*EXERCISE DESCRIPTION:* Here, the job is to give back every entry below unchanged, omitting pictures.

*DATA SUPPLIED:*
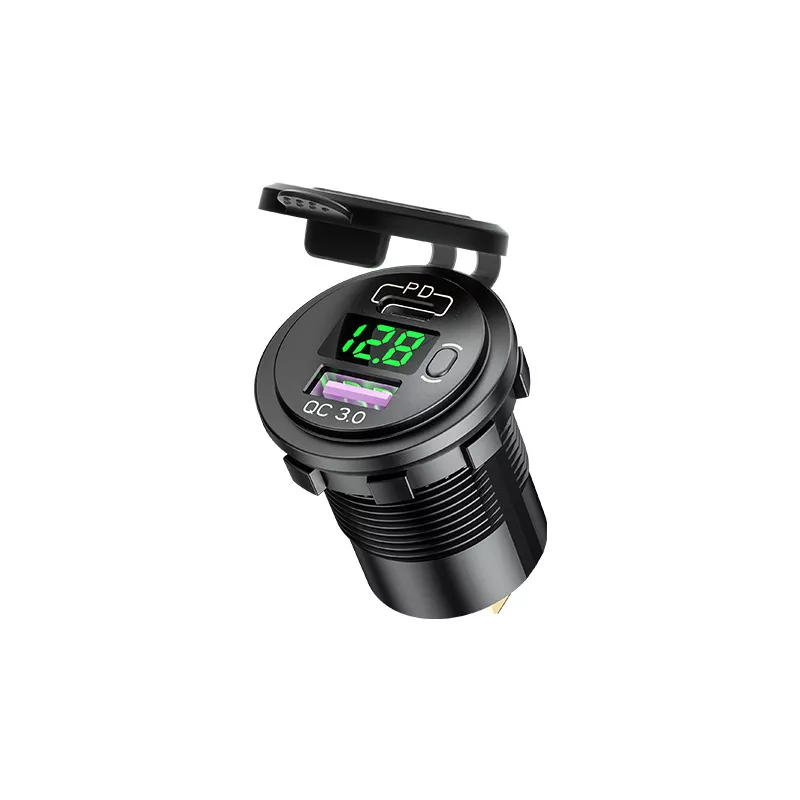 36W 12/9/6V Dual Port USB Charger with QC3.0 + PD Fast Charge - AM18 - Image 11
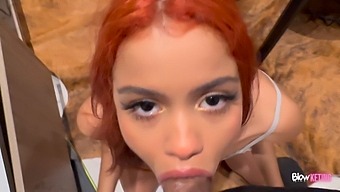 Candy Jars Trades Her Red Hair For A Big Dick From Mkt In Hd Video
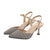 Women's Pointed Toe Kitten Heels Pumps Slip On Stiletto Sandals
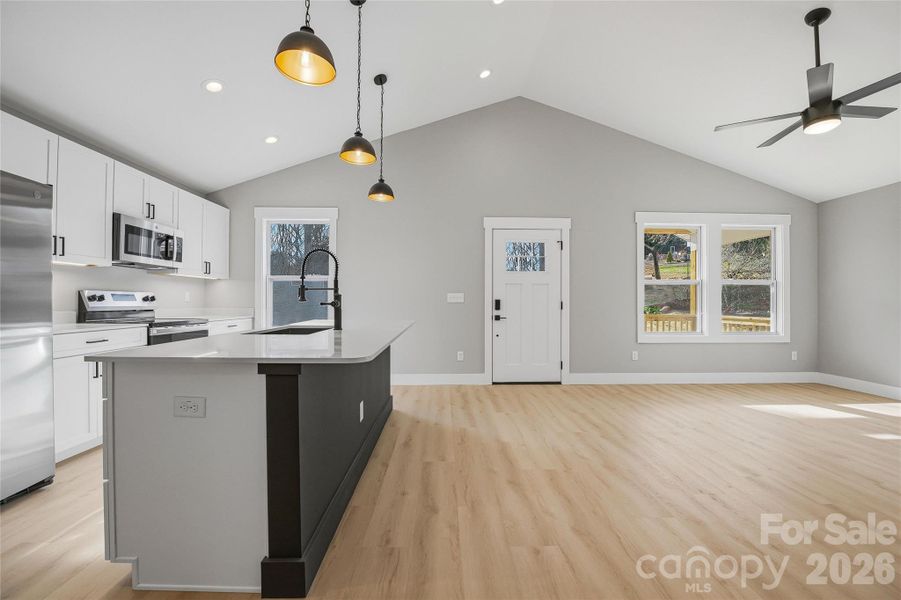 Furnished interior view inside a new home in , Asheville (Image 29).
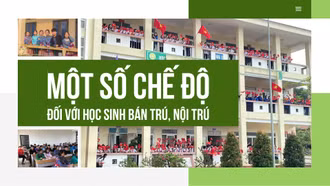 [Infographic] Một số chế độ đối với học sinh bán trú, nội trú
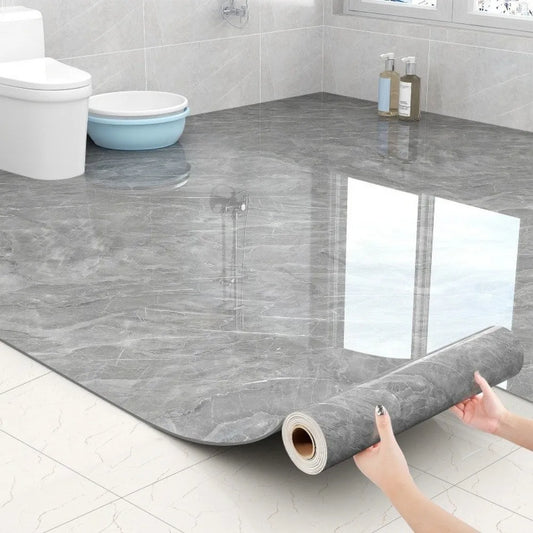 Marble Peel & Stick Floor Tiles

*SOLUTION TO THE PROBLEM:*
 36W 12/9/6V Dual Port USB Charger with QC3.0 + PD Fast Charge - AM18 - Image 11
 Candy Jars Trades Her Red Hair For A Big Dick From Mkt In Hd Video
 Women's Pointed Toe Kitten Heels Pumps Slip On Stiletto Sandals
 Furnished interior view inside a new home in , Asheville (Image 29).
 [Infographic] Một số chế độ đối với học sinh bán trú, nội trú
 Marble Peel & Stick Floor Tiles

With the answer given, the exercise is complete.